We use the feedback protocol of SCP training that has been incorporated in many NF studies (Strehl et al., 2006; Heinrich et al., 2007; Gevensleben et al., 2009a,b, 2010; Arns et al., 2014). The children’s task is to generate negative and positive SCPs by getting into an attentive (negativity trials) or a relaxed state (positivity trials). The aim of the training is to steer a moving object (i.e., an airplane, a fish, a spaceship) that appears on the screen in front of them in the requested direction (arrow upwards indicates negativity trial; arrow downwards indicates positivity trial). The children can choose a training object at the beginning of each therapy session. In the transfer trials, the children do not see the object, but only the direction of the arrow. The children are instructed to sit as still as possible during the training, to avoid laughing and talking, but to concentrate on the screen in front of her/him. No specific instruction is given to the children on how to succeed in negativity or positivity trials, but just to be attentive to feedback and to find the most effective mental strategy to steer the object into the requested direction. As there is no unique strategy for NF training, the children are given examples that have been successful for some children (i.e., negativity trials: “Think of something you find exciting like sitting in a race car or standing on a diving board”; positivity trials: “Those strategies are used in situations requiring relaxation. Think of something you find calming and pacifying like listening to soothing music”). After a successful trial a sun appears on the screen (reinforcement). Additionally, a token plan is used that enables the children to earn up to 5 tokens per session if they stay attentive during the whole session. A full token plan of 15 tokens (every third session) can be exchanged into small rewards by parents that are agreed upon at the beginning of the training together with the parents and the child.
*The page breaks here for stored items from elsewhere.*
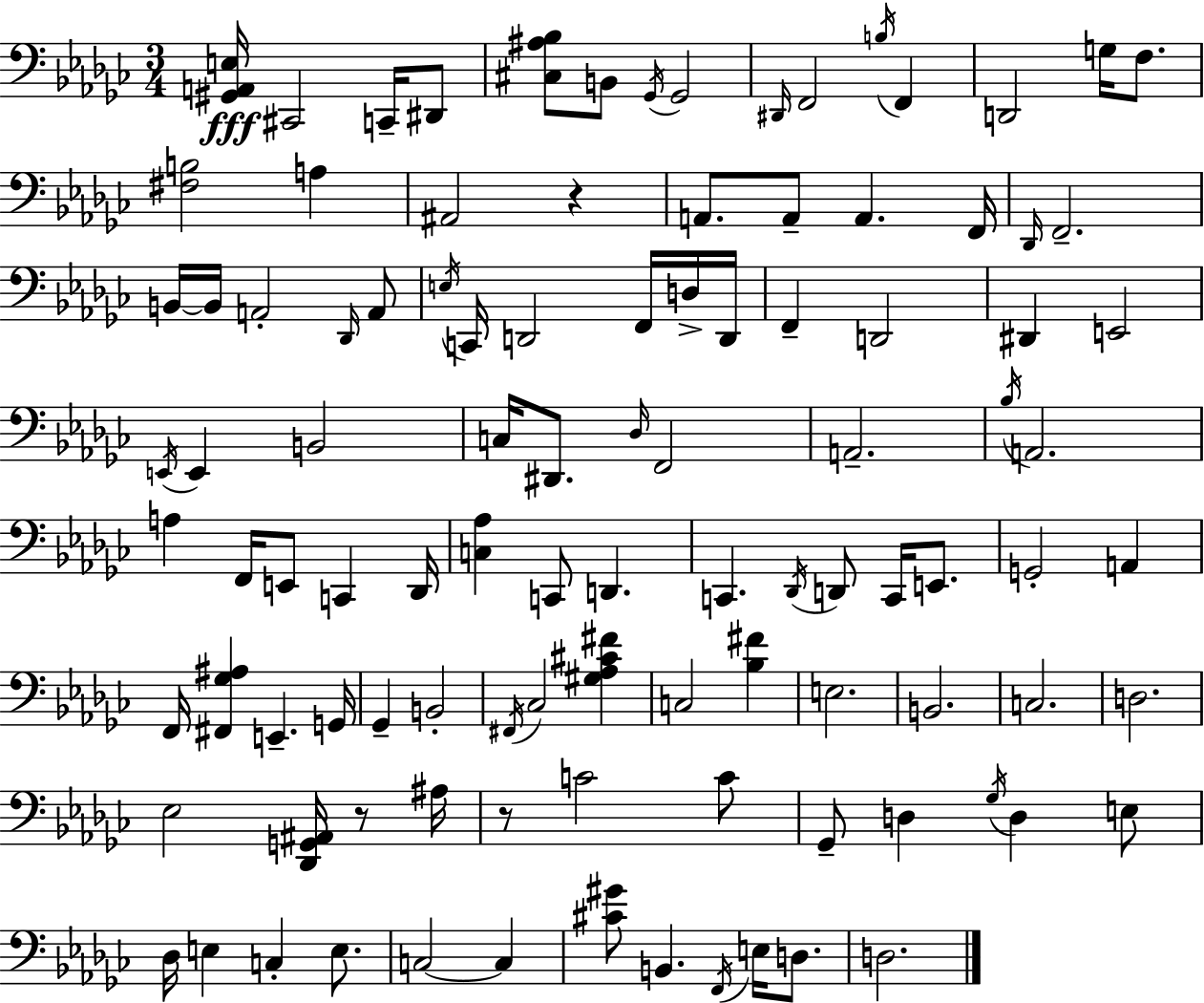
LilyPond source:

{
  \clef bass
  \numericTimeSignature
  \time 3/4
  \key ees \minor
  \repeat volta 2 { <gis, a, e>16\fff cis,2 c,16-- dis,8 | <cis ais bes>8 b,8 \acciaccatura { ges,16 } ges,2 | \grace { dis,16 } f,2 \acciaccatura { b16 } f,4 | d,2 g16 | \break f8. <fis b>2 a4 | ais,2 r4 | a,8. a,8-- a,4. | f,16 \grace { des,16 } f,2.-- | \break b,16~~ b,16 a,2-. | \grace { des,16 } a,8 \acciaccatura { e16 } c,16 d,2 | f,16 d16-> d,16 f,4-- d,2 | dis,4 e,2 | \break \acciaccatura { e,16 } e,4 b,2 | c16 dis,8. \grace { des16 } | f,2 a,2.-- | \acciaccatura { bes16 } a,2. | \break a4 | f,16 e,8 c,4 des,16 <c aes>4 | c,8 d,4. c,4. | \acciaccatura { des,16 } d,8 c,16 e,8. g,2-. | \break a,4 f,16 <fis, ges ais>4 | e,4.-- g,16 ges,4-- | b,2-. \acciaccatura { fis,16 } ces2 | <gis aes cis' fis'>4 c2 | \break <bes fis'>4 e2. | b,2. | c2. | d2. | \break ees2 | <des, g, ais,>16 r8 ais16 r8 | c'2 c'8 ges,8-- | d4 \acciaccatura { ges16 } d4 e8 | \break des16 e4 c4-. e8. | c2~~ c4 | <cis' gis'>8 b,4. \acciaccatura { f,16 } e16 d8. | d2. | \break } \bar "|."
}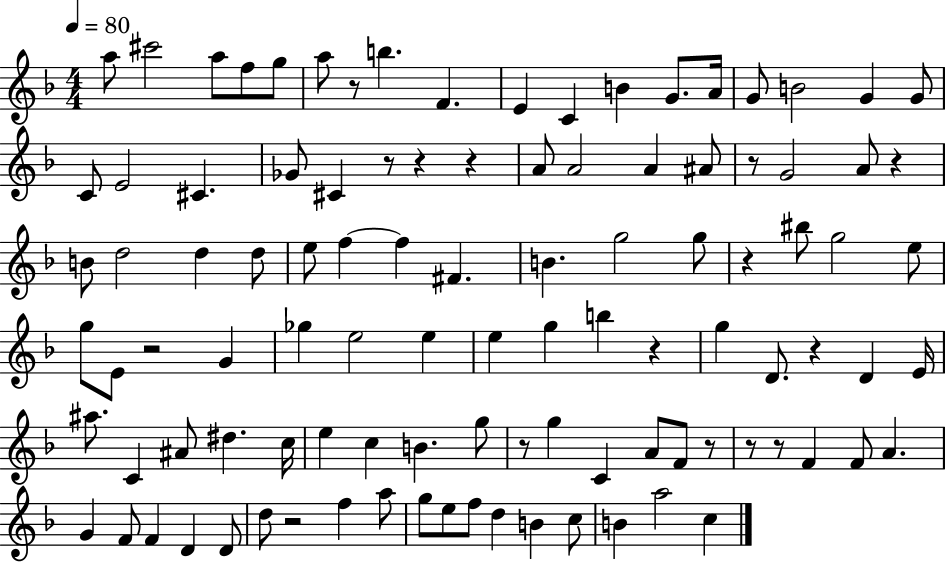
A5/e C#6/h A5/e F5/e G5/e A5/e R/e B5/q. F4/q. E4/q C4/q B4/q G4/e. A4/s G4/e B4/h G4/q G4/e C4/e E4/h C#4/q. Gb4/e C#4/q R/e R/q R/q A4/e A4/h A4/q A#4/e R/e G4/h A4/e R/q B4/e D5/h D5/q D5/e E5/e F5/q F5/q F#4/q. B4/q. G5/h G5/e R/q BIS5/e G5/h E5/e G5/e E4/e R/h G4/q Gb5/q E5/h E5/q E5/q G5/q B5/q R/q G5/q D4/e. R/q D4/q E4/s A#5/e. C4/q A#4/e D#5/q. C5/s E5/q C5/q B4/q. G5/e R/e G5/q C4/q A4/e F4/e R/e R/e R/e F4/q F4/e A4/q. G4/q F4/e F4/q D4/q D4/e D5/e R/h F5/q A5/e G5/e E5/e F5/e D5/q B4/q C5/e B4/q A5/h C5/q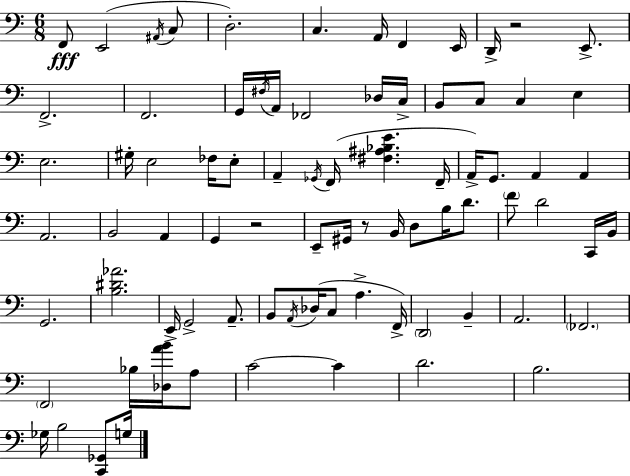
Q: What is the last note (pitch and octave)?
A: G3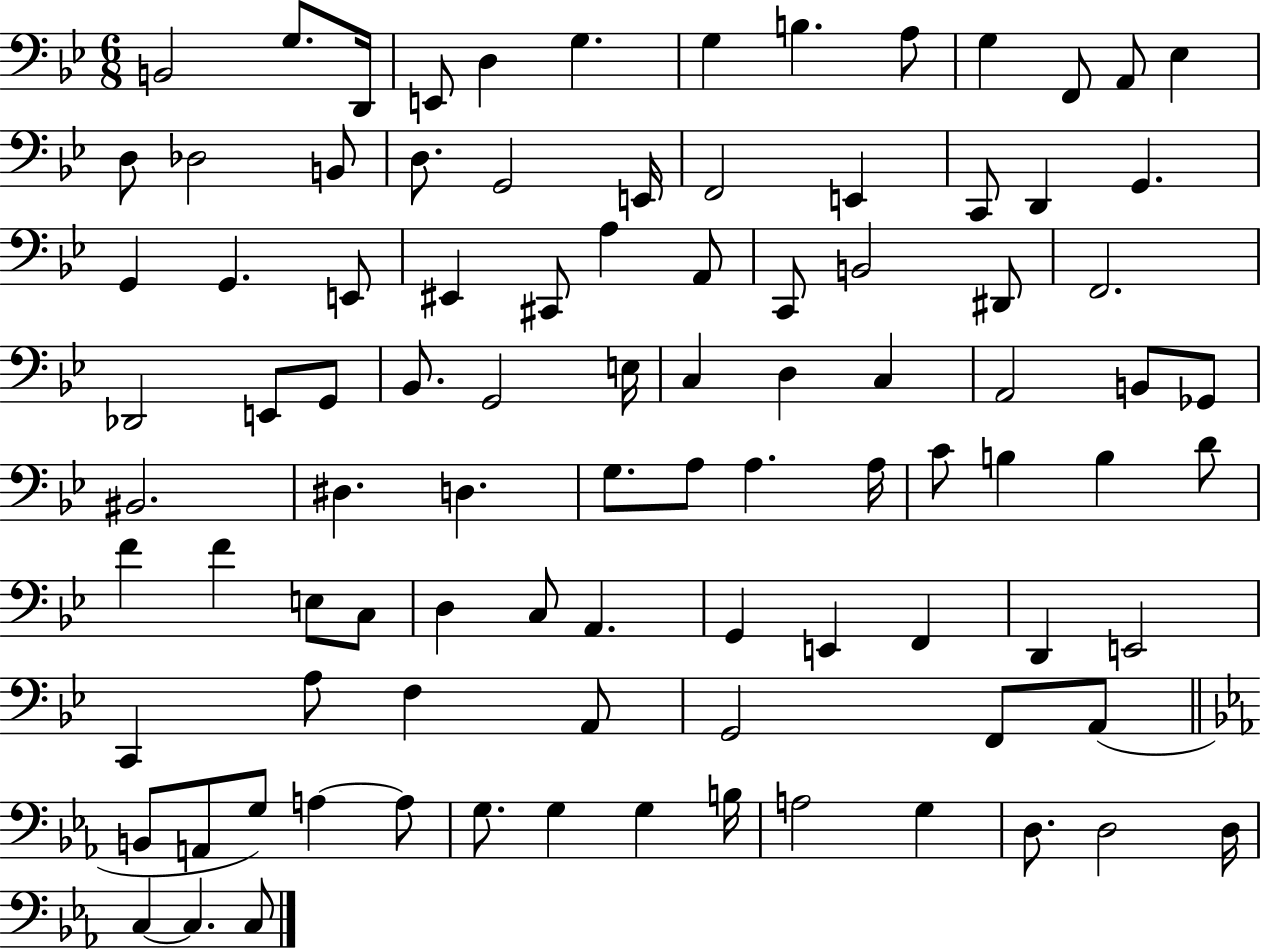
B2/h G3/e. D2/s E2/e D3/q G3/q. G3/q B3/q. A3/e G3/q F2/e A2/e Eb3/q D3/e Db3/h B2/e D3/e. G2/h E2/s F2/h E2/q C2/e D2/q G2/q. G2/q G2/q. E2/e EIS2/q C#2/e A3/q A2/e C2/e B2/h D#2/e F2/h. Db2/h E2/e G2/e Bb2/e. G2/h E3/s C3/q D3/q C3/q A2/h B2/e Gb2/e BIS2/h. D#3/q. D3/q. G3/e. A3/e A3/q. A3/s C4/e B3/q B3/q D4/e F4/q F4/q E3/e C3/e D3/q C3/e A2/q. G2/q E2/q F2/q D2/q E2/h C2/q A3/e F3/q A2/e G2/h F2/e A2/e B2/e A2/e G3/e A3/q A3/e G3/e. G3/q G3/q B3/s A3/h G3/q D3/e. D3/h D3/s C3/q C3/q. C3/e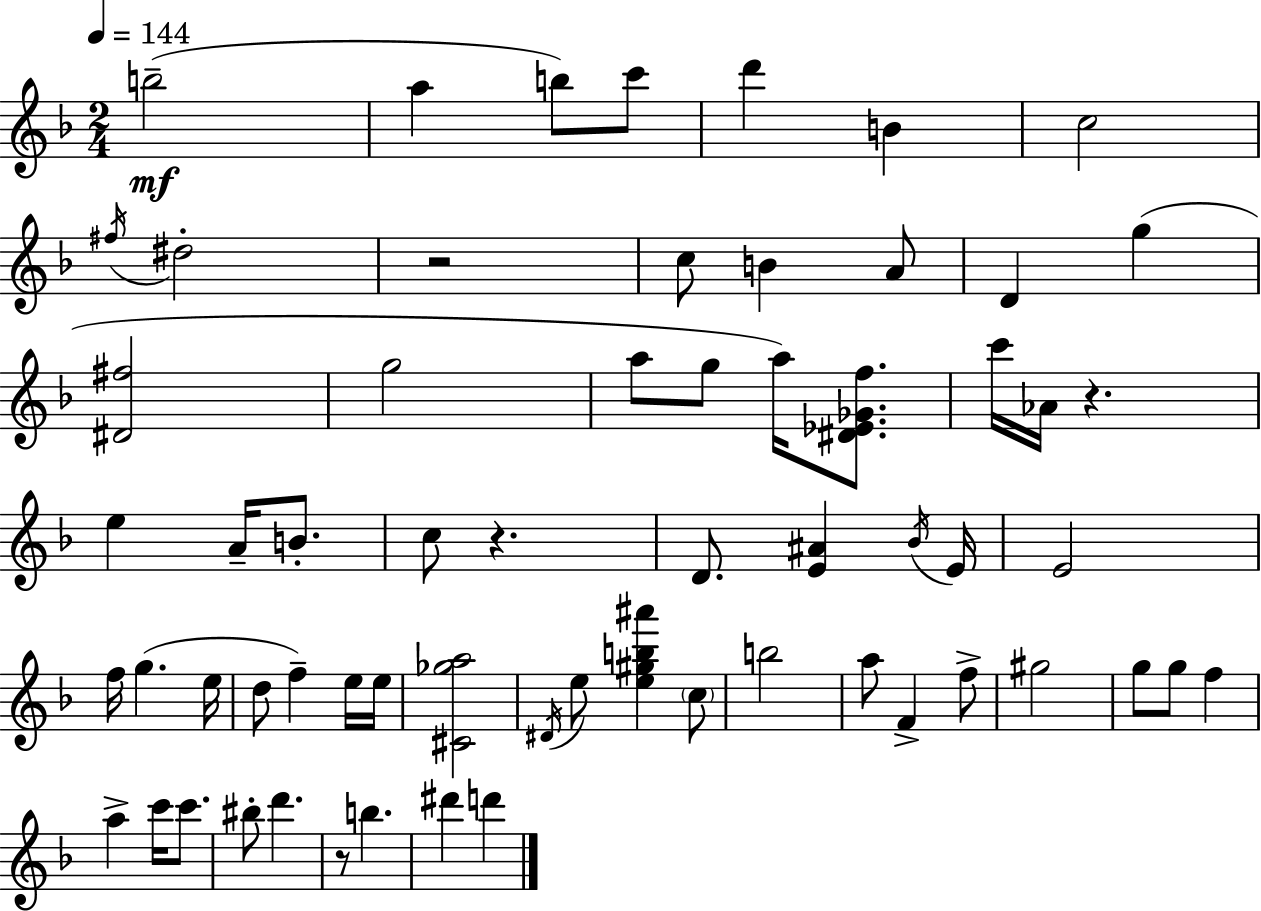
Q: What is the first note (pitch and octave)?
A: B5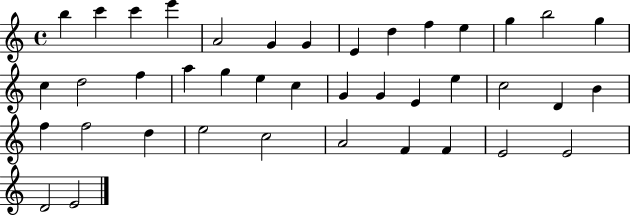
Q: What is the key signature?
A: C major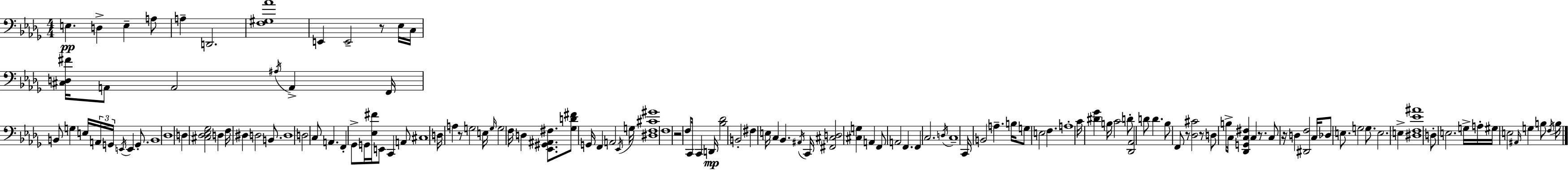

Participants in the NF condition receive a total of 30 sessions of SCP training. Each therapy session consists of three runs. One run consists of 40 trials (8 min) resulting in a total of 24 min NF training per session (see Figure 2 for details). A trial lasts for 8 s (2 s baseline period, 6 s feedback period). Inter-trial interval is set to 5 ± 1 s. Between each of the three runs there is a short break of several minutes which can be used by the therapist to motivate and praise the child and to talk about problems and use of strategies (i.e., “What was your strategy for negativity/positivity trials?”, “How did it work?”, “What else could you try as a negativity/positivity trial strategy?”). The last 10 min of each session are reserved for joint play which is an important aspect of motivating the child and strengthening the therapeutic relationship. Feedback is calculated from the vertex (Cz) and is referenced against both mastoids (bandwidth 0.01–30 Hz, sampling rate: 256 Hz), and vertical as well as horizontal eye movements are corrected online with electrodes placed above and below the left eye, and electrodes on the right and left side of the face (4 electrooculography channels, EGO; for details of the protocol see Strehl, 2009). Ocular artifact removal is possible with DC-EEG as described in Schlegelmilch et al. (2004). The ratio of negativity to positivity is set to 1:1, and negativity/positivity trials are presented in random order. All sessions start with no threshold, but if the child has a hit rate (correct responses) of ≥70%, thresholds are introduced automatically. Those start with an initial 5% threshold, and are followed in steps of 5% if the child continuous to score ≥70%.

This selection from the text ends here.